Noir sur blanc – Voyage en Allemagne, un documentaire de Pagonis Pagonakis et Susanne Jäger à voir sur Arte le mardi 25 janvier dans le cadre d’une soirée thématique sur le racisme. Le documentaire sera suivi d’un débat, présenté par Thomas Kausch, avec la participation de l’auteur du journaliste Günter Wallraff.
Le racisme au quotidien
Trente ans après s’être glissé dans la peau d’un immigré turc en Allemagne, Günter Wallraff s’est fait passer, une année durant, pour un Somalien. Un document impitoyable, qui montre combien le racisme ordinaire reste enraciné dans nos sociétés.

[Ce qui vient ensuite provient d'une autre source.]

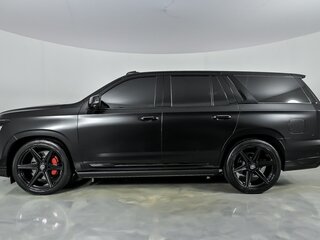 2026 Cadillac Escalade-V ESV I Рестайлинг, чёрный, 31215008 рублей, вид 5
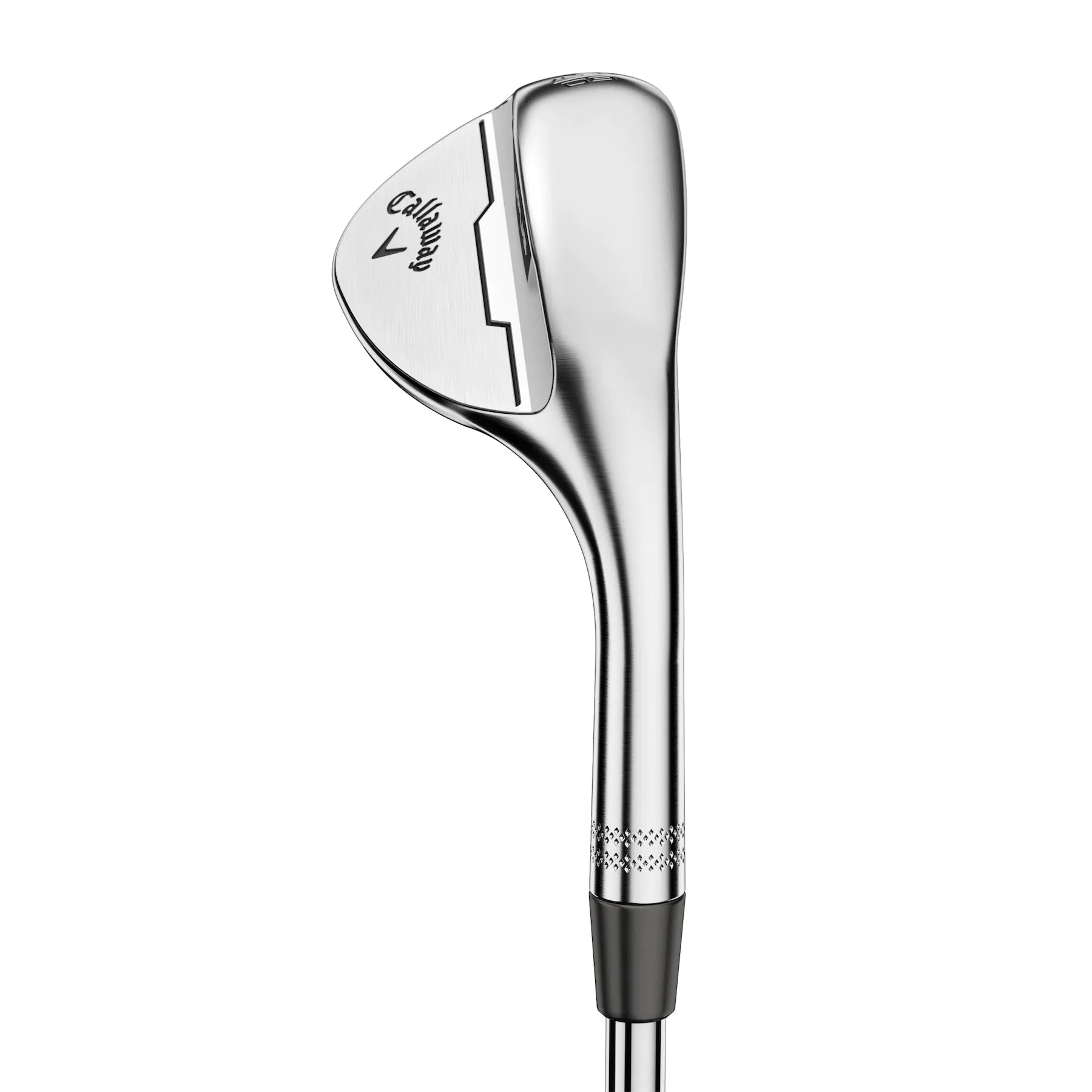 Callaway Opus Brushed Chrome Wedge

Vingt-cinq ans après la publication de son livre Tête de Turc, qui dénonçait la xénophobie de la société allemande d’alors, Günter Wallraff se lance dans une nouvelle aventure et décide de se glisser dans la peau d’un Africain. Pendant une année et à l’aide d’une caméra cachée, Günter Wallraff, alias l’immigré somalien Kwami, traverse l’Allemagne et révèle les nouveaux visages du racisme. Que ce soit à la recherche d’un appartement, dans le métro, devant une boîte de nuit, parmi des supporters d’une équipe de foot à la sortie d’un match ou d’un club de randonneurs, le constat qu’il tire de cette nouvelle expérience n’est guère réjouissant : « Lorsque j’ai commencé mon travail, il y a quarante ans, je n’étais pas le seul à espérer un lent progrès vers plus d’humanité et plus de justice. Si je continue à me battre par mes reportages et mes livres, je suis de plus en plus saisi par le doute. Nous avons subi, ces derniers temps, trop de revers : l’injustice a progressé, les conditions de vie ne sont pas devenues plus humaines, bien au contraire. »
A propos Günter Wallraff
Journaliste célébrissime outre Rhin, Günter Wallraff s’est spécialisé dans la dénonciation des grands scandales politiques, économiques et médiatiques. Sa technique : se déguiser et infiltrer le milieu sur lequel il enquête…
Né le 1er octobre 1942 à Burscheid près de Cologne, Günter Wallraff commence à décrire ses expériences comme ouvrier dans les grands entreprises allemandes dans la revue syndicale Metall. Puis en 1966, avec la parution de son livre Industriereportagen (reportages industriels), Wallraff se fait un nom en Allemagne. Cependant, son engagement ne se limite pas au territoire allemand. En 1974, il proteste activement contre la dictature militaire en Grèce et au Portugal, et se fait arrêter et torturer par la police politique à Athènes.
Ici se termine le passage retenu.